**Try it**
Each line from the one holding "GOLD II✨105 skins" to the last line below must be restated word for word, and no picture may be included.

**The data**
=======

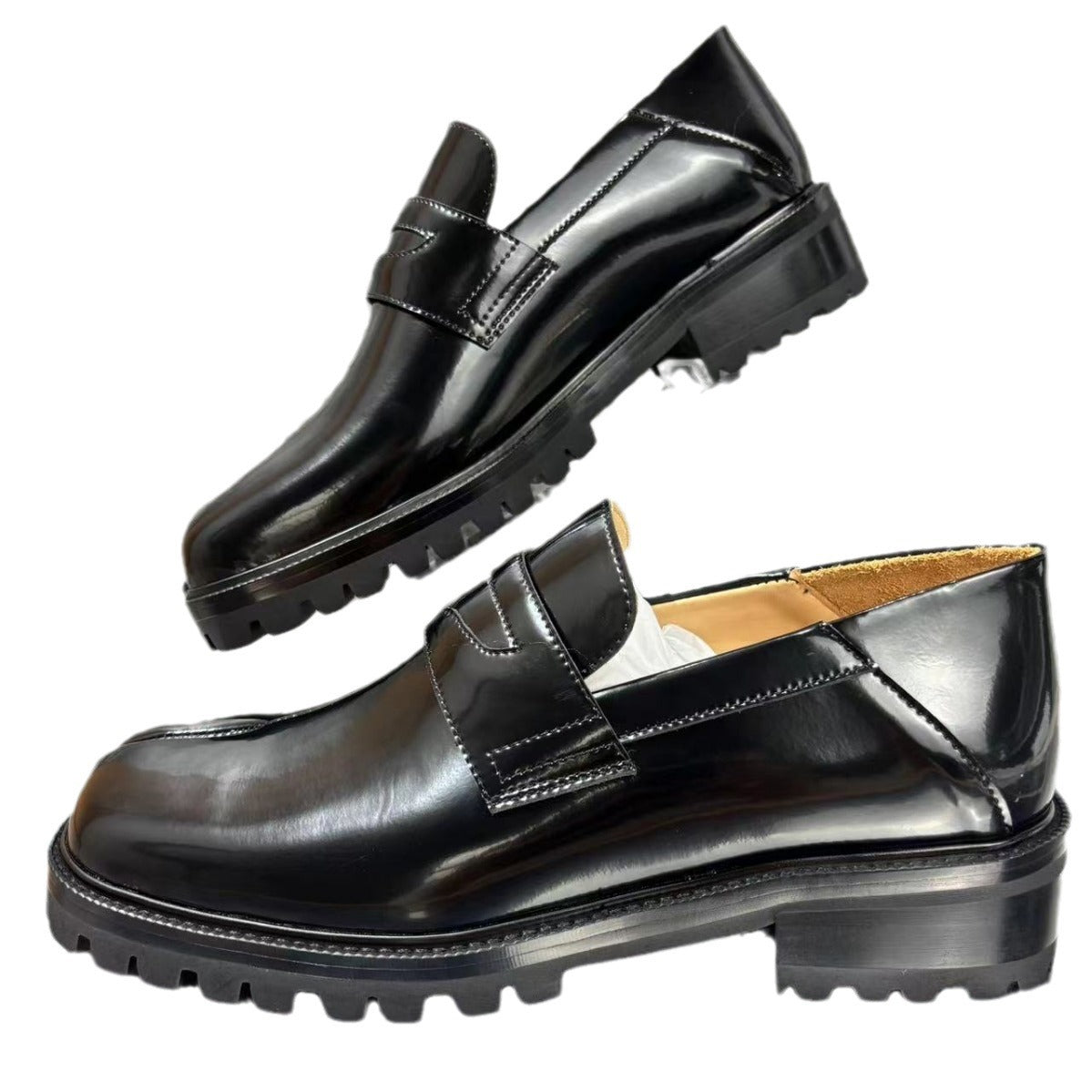 Women's Handmade Split Toe Lace Up Derby Leather Shoes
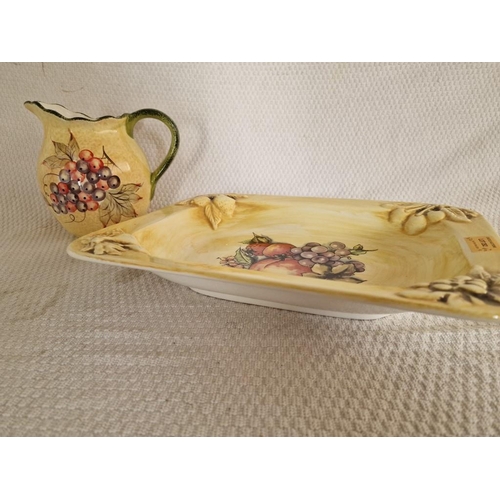 282 - Large Ceramic 'Stovit' Dish with Fruit Pattern, Made in Italy, (Approx. 36 x 27cm), Together with Si... 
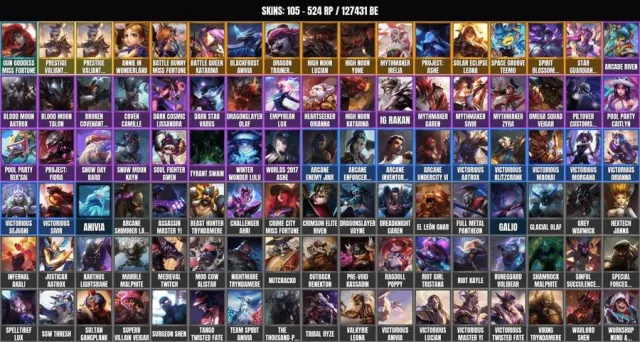 GOLD II✨105 skins 🏆 173 champions 🎮 127.4K BE✨Prestige Blade Riven (prestigious) – 2022✨Gun Goddess Miss Fortune, Sale, level 313, champions 173, skins 105, Gold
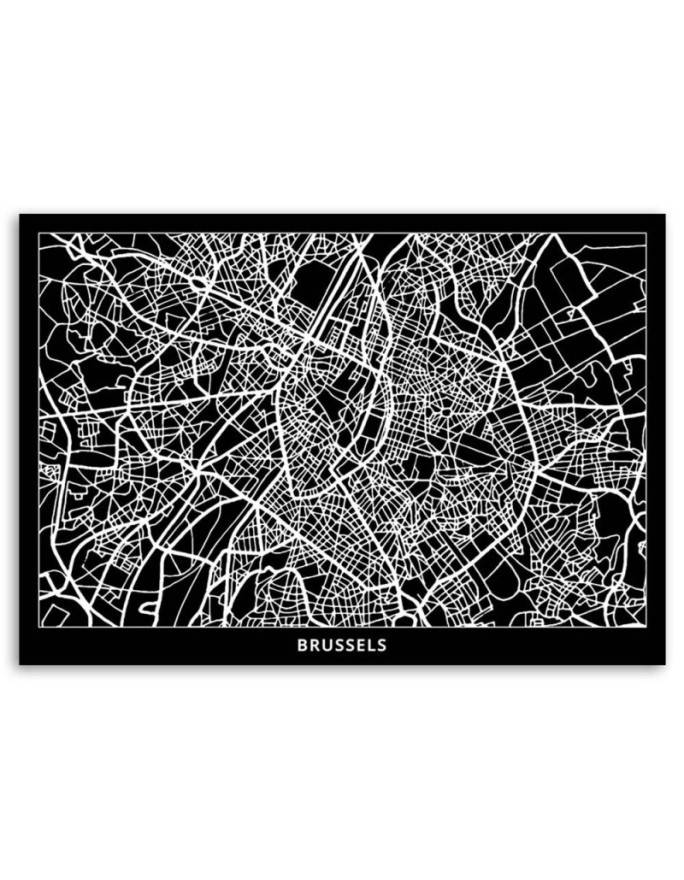 Canvas office paintings - Brussels city plan | FEEBY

=======

**Solution**
 GOLD II✨105 skins 🏆 173 champions 🎮 127.4K BE✨Prestige Blade Riven (prestigious) – 2022✨Gun Goddess Miss Fortune, Sale, level 313, champions 173, skins 105, Gold
 Canvas office paintings - Brussels city plan | FEEBY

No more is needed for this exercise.